20th Century Woman is a spiraling, heartfelt comedy that compensates for its lack of structure with fully fleshed-out characters. The film’s aimlessness is part of its charm: the character’s struggle to find direction is highly relatable.
Regardless of the title, the actual lead of the film is a boy on the cusp of adolescence. Jamie (Lucas Jade Zumman) lives in a crumbling house that doubles as a hostel. The place is managed by his mother, Dorothea (Bening), a chain-smoking dreamer plagued by angst as her boy starts behaving like a teenager.

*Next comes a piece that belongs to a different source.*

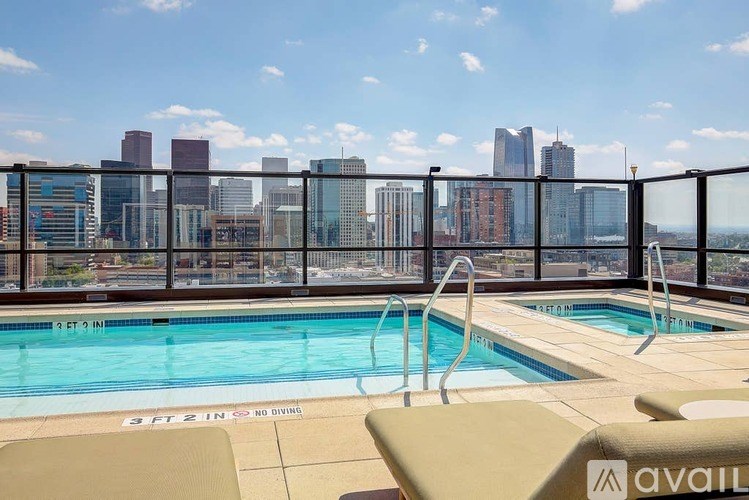 A pool with a city skyline in the background.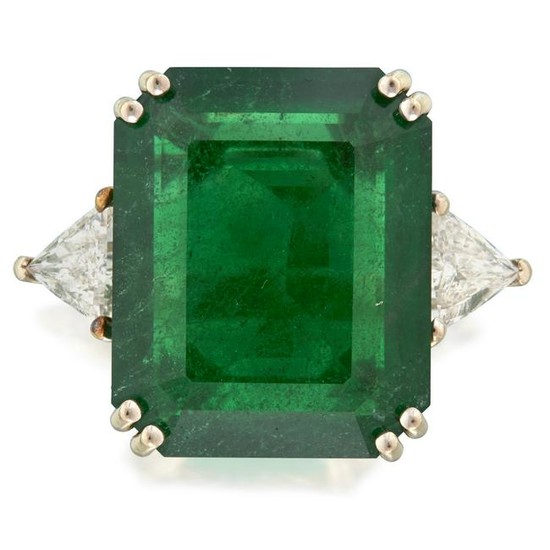 An emerald, diamond, and fourteen karat white gold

In an effort to make sure Jamie grows up into a “good” man, Dorothea gets her boarder, Abbie (Greta Gerwig), and the boy’s best friend, Julie (Elle Fanning), to help her raise him. Predictably, the women’s approaches to parenting clash and Jamie flips out.
Written and directed by Mike Mills (Beginners), 20th Century Woman is a cinematic stream of consciousness. Chronological anecdotes are interrupted by glimpses of the leads’ pasts and futures. This has to be one of the laziest narrative devices but it gets a fresh dimension as it enriches the characters’ behaviour with background context and therefore, significance.
Jamie, Dorothea and company’s drifting reflects their times. The film is set in the late ’70s, when social movements collapsed (or were sabotaged) and the era of selfish, “screw you, I’ve got mine” individualism — which culminated in the election of Ronald Reagan — dawned. Pointedly, 20th Century Women includes Jimmy Carter’s fateful “crisis of confidence” speech, a gloom and doom (and true) statement America didn’t respond well to.
A movie like this can’t be spoiled, so it’s fair to say nobody’s existence changes radically but the important things people learn makes a huge difference in the long run.
20th Century Women underlines a fact of life so obvious it’s often overlooked: surround yourself with good people. It pays off.